• Problem requirements:
Apart from the images, output the data below exactly.

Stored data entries
━━━━━━━━━━━━━━━━━━━━
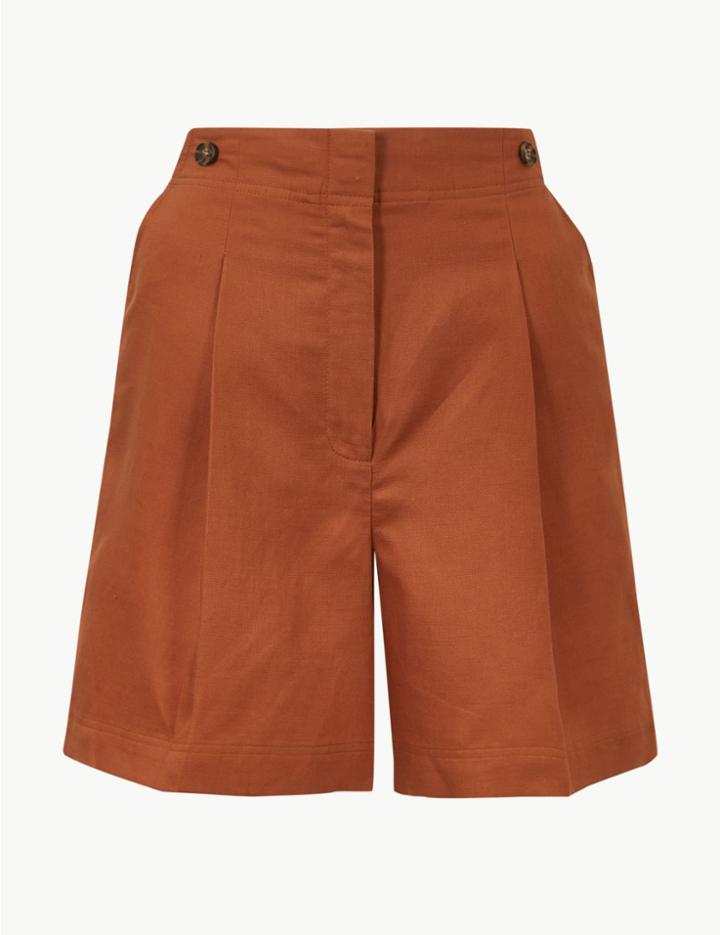 Marks & Spencer Linen Shorts Ginger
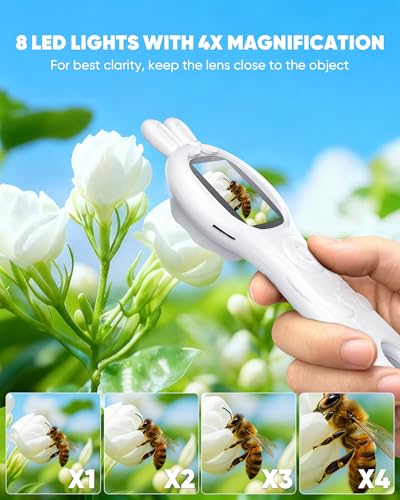 Microscope for Kids, Portable Digital Microscope with 500X Magnifying Glass, Handheld Camera Mini Pocket Magnification, Educational Christmas Birthday Gifts for Ages 4 5 6 7 8 9 10 11 12 - color: Milky white Rabbit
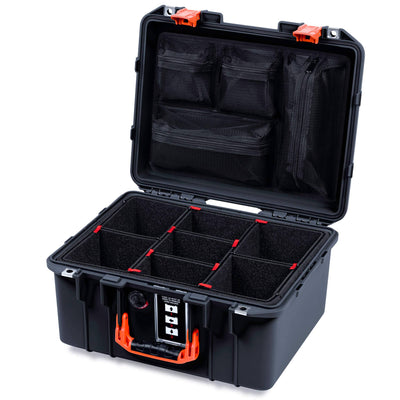 Pelican 1507 Air Case, Black with Orange Handle & Latches ColorCase
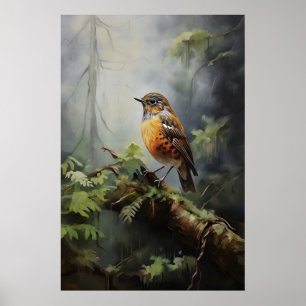 Affiche Oiseau dans l'impression murale de la forêt, oisea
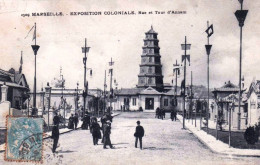 13 - MARSEILLE   -   Exposition Coloniale -  Rue Et Tour D'Annam - Kolonialausstellungen 1906 - 1922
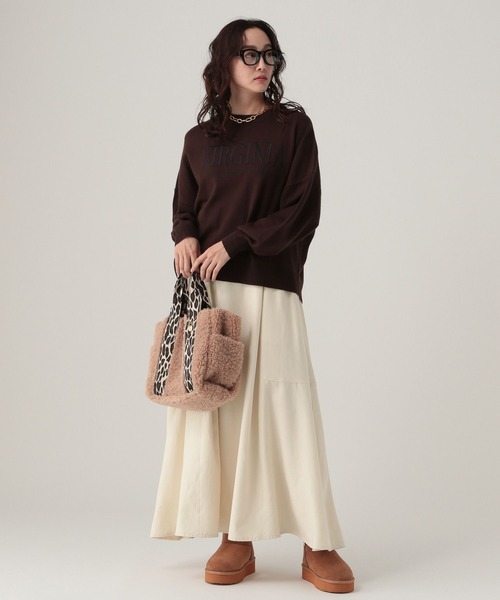 Elura（エルーラ）の「ギャザーフレアスカート/607996（スカート・レディース・キャメル/オフホワイト・FREE）」の3枚目の写真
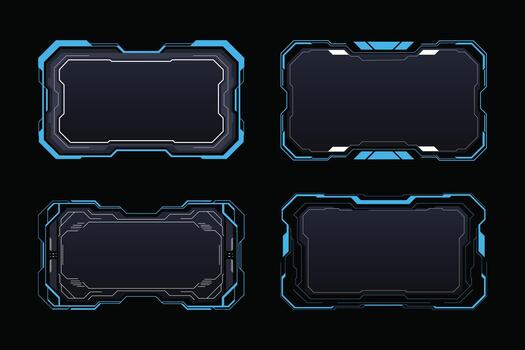 Futuristic HUD Frame Set with Glowing Neon Digital Interface Elements for Sci-Fi Game UI and Technology Designs vector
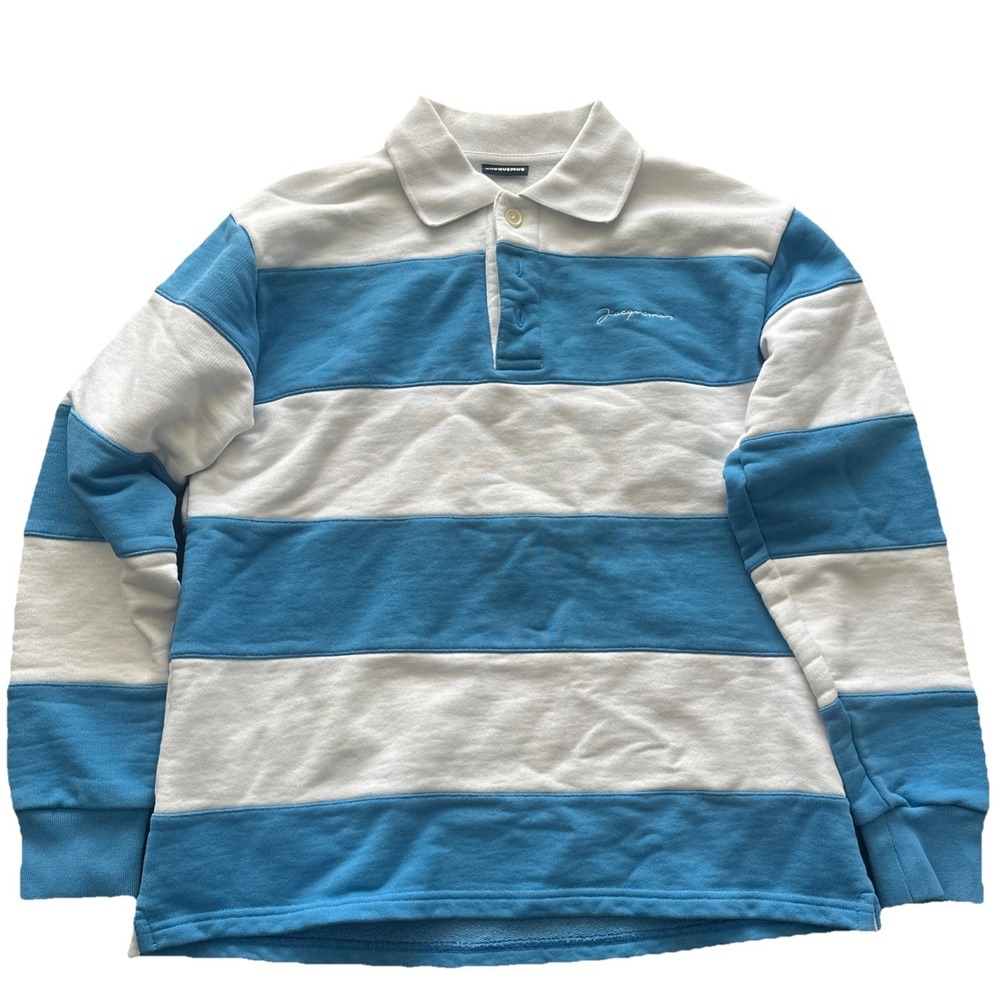 JACQUEMUS Blue and White Striped Men's Rugby Polo Shirt Mens Size Small Rare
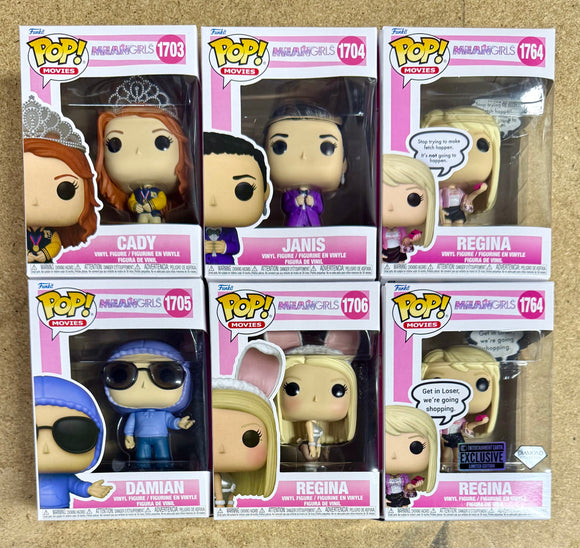 Funko Pop! Movies Cady Heron, Regina George X3, Damian, Janis Mean Girls Complete Set Of 6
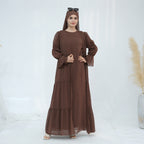 3 Pcs Set Elegant Chiffon Abaya with Hijab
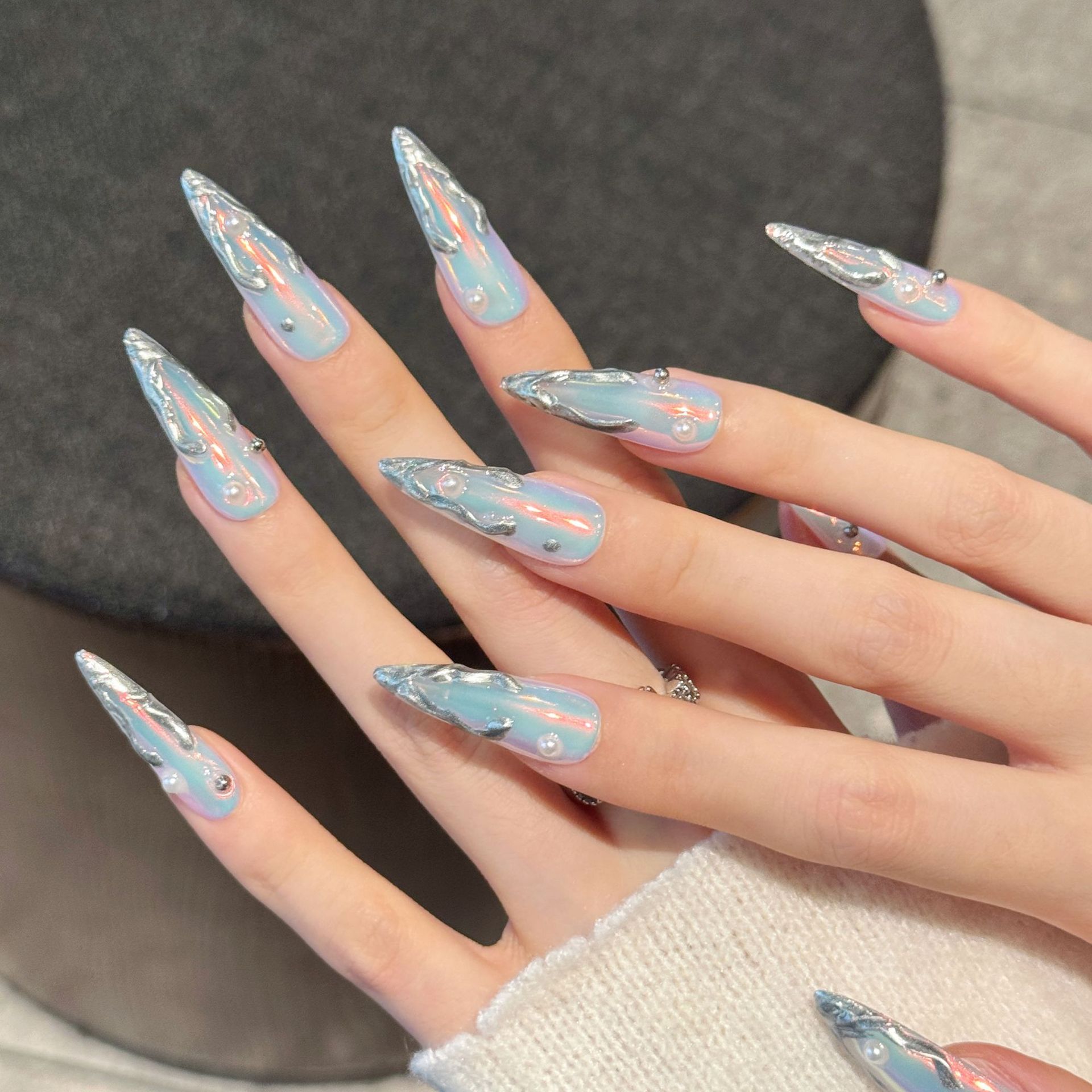 10st zilveren Aurora lange sti - Nail Art Aesthetic recensie en prijs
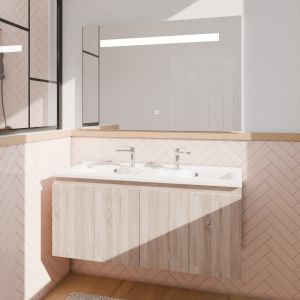 Meuble salle de bain suspendu 120 cm avec porte pivotante avec plan vasque en résine PROLINE et miroir Elégance ht80 - Bois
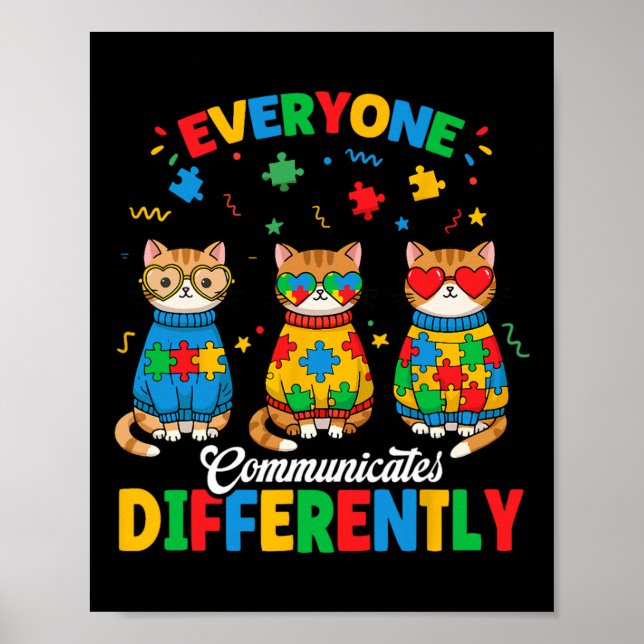 Alla kommunicerar olika autism Månad Awa Poster (Framsidan)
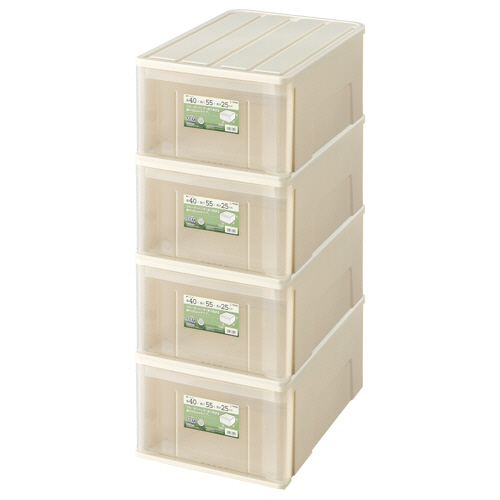 たっぷり収納ｹｰｽ 55M W400×D550×H250mm ﾎﾜｲﾄ/ｸﾘｱ 1ｾｯﾄ(4個)画像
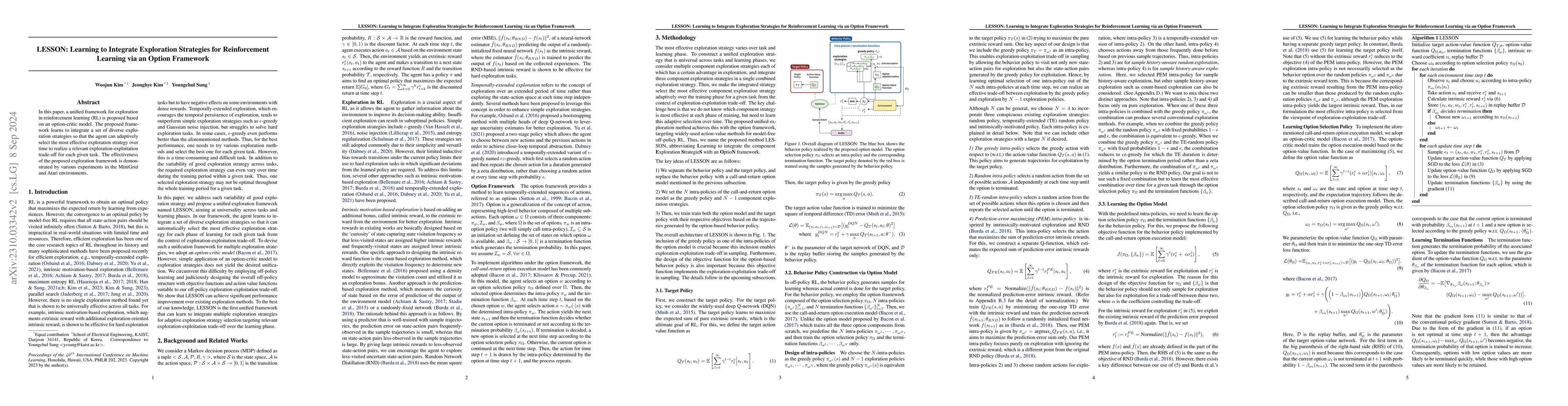 Thumbnail for LESSON: Learning to Integrate Exploration Strategies for Reinforcement
  Learning via an Option Framework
━━━━━━━━━━━━━━━━━━━━
• Answer space:
 Marks & Spencer Linen Shorts Ginger
 Microscope for Kids, Portable Digital Microscope with 500X Magnifying Glass, Handheld Camera Mini Pocket Magnification, Educational Christmas Birthday Gifts for Ages 4 5 6 7 8 9 10 11 12 - color: Milky white Rabbit
 Pelican 1507 Air Case, Black with Orange Handle & Latches ColorCase
 Affiche Oiseau dans l'impression murale de la forêt, oisea
 13 - MARSEILLE   -   Exposition Coloniale -  Rue Et Tour D'Annam - Kolonialausstellungen 1906 - 1922
 Elura（エルーラ）の「ギャザーフレアスカート/607996（スカート・レディース・キャメル/オフホワイト・FREE）」の3枚目の写真
 Futuristic HUD Frame Set with Glowing Neon Digital Interface Elements for Sci-Fi Game UI and Technology Designs vector
 JACQUEMUS Blue and White Striped Men's Rugby Polo Shirt Mens Size Small Rare
 Funko Pop! Movies Cady Heron, Regina George X3, Damian, Janis Mean Girls Complete Set Of 6
 3 Pcs Set Elegant Chiffon Abaya with Hijab
 10st zilveren Aurora lange sti - Nail Art Aesthetic recensie en prijs
 Meuble salle de bain suspendu 120 cm avec porte pivotante avec plan vasque en résine PROLINE et miroir Elégance ht80 - Bois
 Alla kommunicerar olika autism Månad Awa Poster (Framsidan)
 たっぷり収納ｹｰｽ 55M W400×D550×H250mm ﾎﾜｲﾄ/ｸﾘｱ 1ｾｯﾄ(4個)画像
 Thumbnail for LESSON: Learning to Integrate Exploration Strategies for Reinforcement
  Learning via an Option Framework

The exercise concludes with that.